Summary: Pull Request resolved: #727 Classy Models should work like regular PyTorch models. The `{get, set}_classy_state` functions for state are the only blockers which this diff fixes by moving over to `state_dict` and `load_state_dict`. `{get, set}_classy_state` will still work for backwards compatibility, but will call the PyTorch functions directly. Differential Revision: D25213283 fbshipit-source-id: 3cd64f530de83574174884d3b8848a1f6003f854
facebookresearch · Mar 24, 2021 · b73871e · b73871e
1 parent c4d9725
commit b73871e
Showing 1 changed file with 10 additions and 4 deletions.
diff --git a/classy_vision/models/classy_model.py b/classy_vision/models/classy_model.py
@@ -201,7 +201,7 @@ def from_checkpoint(cls, checkpoint):
         model.set_classy_state(checkpoint["classy_state_dict"]["base_model"])
         return model
 
-    def get_classy_state(self, deep_copy=False):
+    def state_dict(self, deep_copy=False):
         """Get the state of the ClassyModel.
 
         The returned state is used for checkpointing.
@@ -222,7 +222,7 @@ def get_classy_state(self, deep_copy=False):
         # as the trunk state. If the model doesn't have heads attached, all of the
         # model's state lives in the trunk.
         self.clear_heads()
-        trunk_state_dict = self.state_dict()
+        trunk_state_dict = super().state_dict()

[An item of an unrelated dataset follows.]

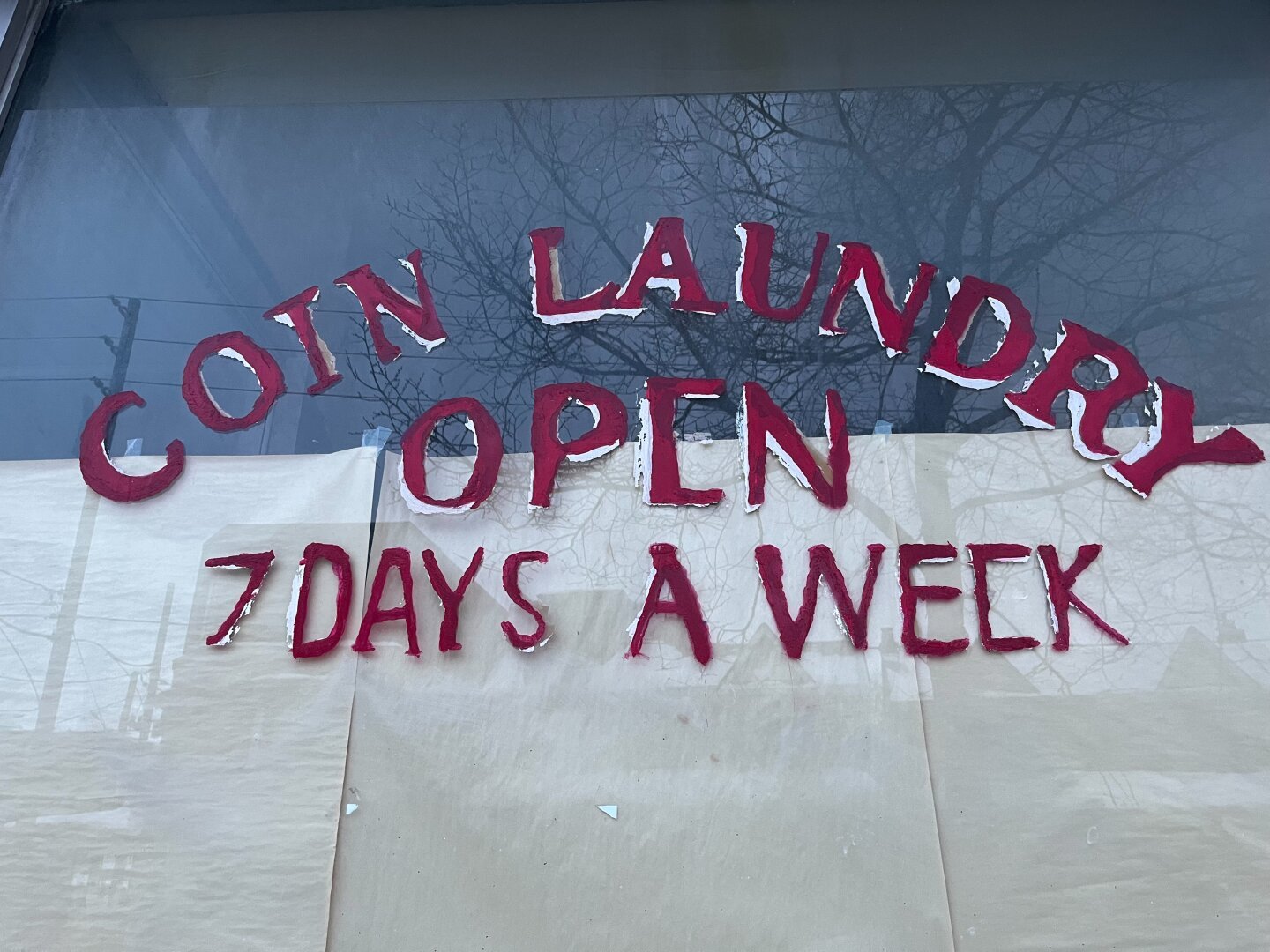 Closed coin laundry mat sign. With reflections of a tree lined street.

         self.set_heads(attached_heads)
 
         head_state_dict = {}
@@ -252,7 +252,7 @@ def load_head_states(self, state, strict=True):
             for head_name, head_state in head_states.items():
                 self._heads[block_name][head_name].load_state_dict(head_state, strict)
 
-    def set_classy_state(self, state, strict=True):
+    def load_state_dict(self, state, strict=True):
         """Set the state of the ClassyModel.
 
         Args:
@@ -270,11 +270,17 @@ def set_classy_state(self, state, strict=True):
         # fetched / set when there are no blocks attached.

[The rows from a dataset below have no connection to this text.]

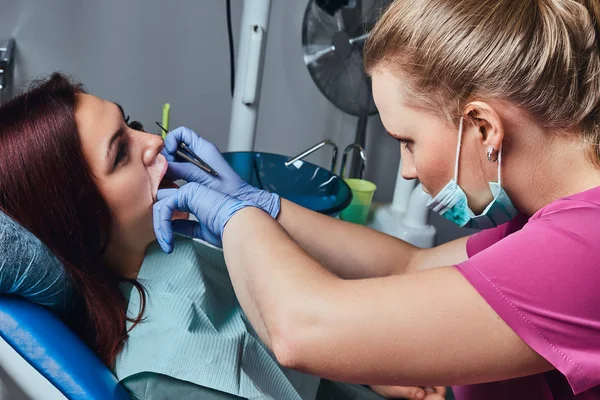 Eine junge Frau bei der Untersuchung, während sie mit geöffnetem Mund im Zahnarztstuhl sitzt. — Stockfoto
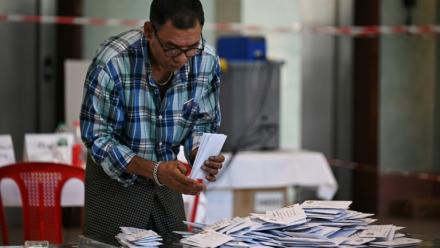 Un membre de la commission électorale birmane (UEC) trie des bulletins dans un bureau de vote de Rangoon, le 28 décembre 2025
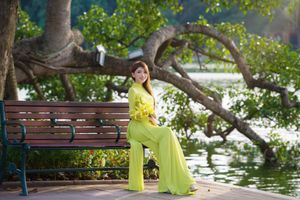 Serene Vietnamese Beauty: Woman in Ao Dai by the Lake-10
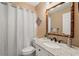 Traditional bathroom with decorative mirror, granite counters, and shower with curtain at 2708 W Bird St, Tampa, FL 33614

         attached_heads = self.get_heads()
         self.clear_heads()
-        self.load_state_dict(state["model"]["trunk"], strict)
+        super().load_state_dict(state["model"]["trunk"], strict)
 
         # set the heads back again
         self.set_heads(attached_heads)
 
+    def get_classy_state(self, deep_copy=False):
+        return self.state_dict(deep_copy=deep_copy)
+
+    def set_classy_state(self, state, strict=True):
+        self.load_state_dict(state, strict=strict)
+
     def forward(self, x):
         """
         Perform computation of blocks in the order define in get_blocks.